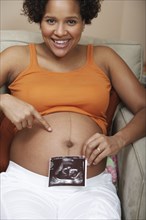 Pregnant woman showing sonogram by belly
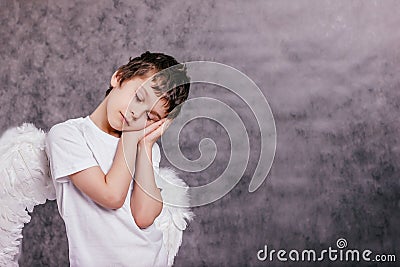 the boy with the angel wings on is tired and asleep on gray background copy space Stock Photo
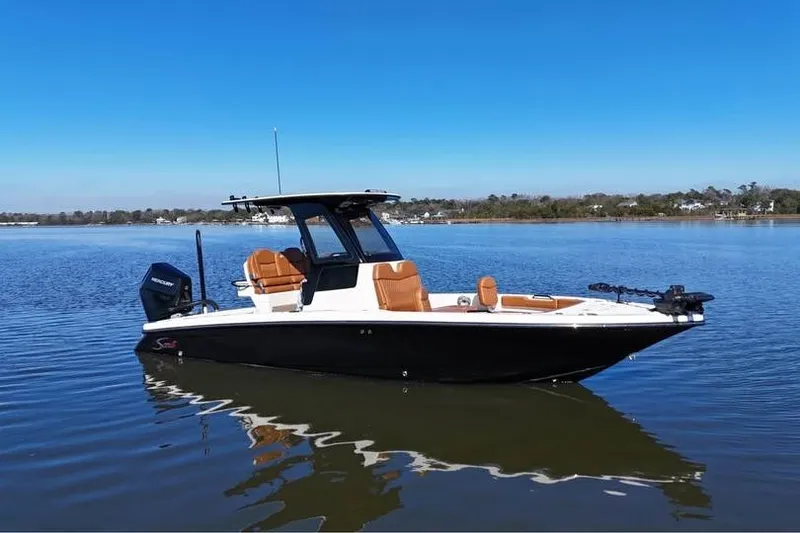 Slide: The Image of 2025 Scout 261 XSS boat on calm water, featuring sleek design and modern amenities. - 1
################
* _Exercise objective_:
Pictures are to be left out; the listing above is otherwise to be copied exactly.

* _Answer for this exercise_:
 Pregnant woman showing sonogram by belly
 the boy with the angel wings on is tired and asleep on gray background copy space Stock Photo
 Slide: The Image of 2025 Scout 261 XSS boat on calm water, featuring sleek design and modern amenities. - 1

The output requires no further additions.